Het makkelijkst schrijven de boeklogjes zich als ik daarin iets uitspreek dat me trof. Waarmee mijn persoonlijke reactie op een boek dus het belangrijkste element van de bespreking wordt. De inhoud samenvatten, of kritisch in een context zetten, is al gauw werk — en daarmee een inspanning die moeilijker vol te houden zal zijn.

Recensies schrijven voor elk ander medium brengt altijd vormeisen met zich mee. De lengte staat vast, het type lezers vaak ook. En vreemd genoeg scheppen die beperkingen juist ook enorme helderheid bij het recenseren. Zelfs al is het schrijven werk. Ooit is zo’n tekst namelijk wel klaar.

Boeklog heeft geen enkele vormeis. Ik moet mijzelf wel blijven uitvinden hier.

Boeklog leent zich al evenmin tot het navolgen van voorbeelden, zo heb ik gemerkt.

Voor de start van dit persoonlijke leesdagboek had ik namelijk nog een aantal idealen. Het slechtst ben ik er in geslaagd om mijn boeklogjes een humoristische toets te geven, zoals een Gerrit Komrij of een Clive James wel lukte in hun besprekingen.

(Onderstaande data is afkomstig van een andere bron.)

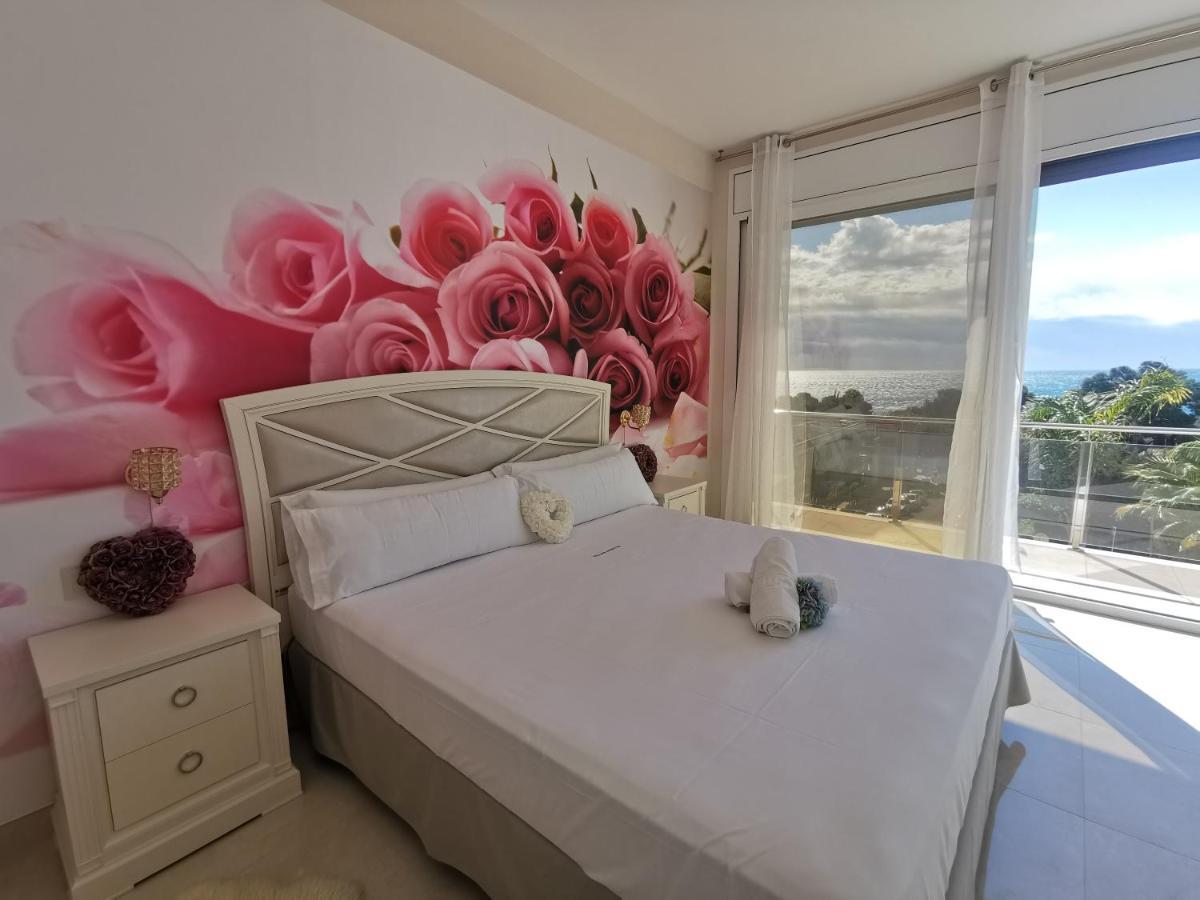 Calma - Holiday Villas Platja d'Aro Ngoại thất bức ảnh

En ook de aanpak van B.R. Myers, in zijn aanval op de groeiende pretentie van het Amerikaanse literaire proza, heb ik geen éen keer nagevolgd. Nu ja, net iets anders misschien, in mijn wrevel over de heilige dode Michaël Zeeman.

Terwijl het toch niet heel ingewikkeld is wat Myers deed. En hij daarmee wel degelijk een voorbeeld was.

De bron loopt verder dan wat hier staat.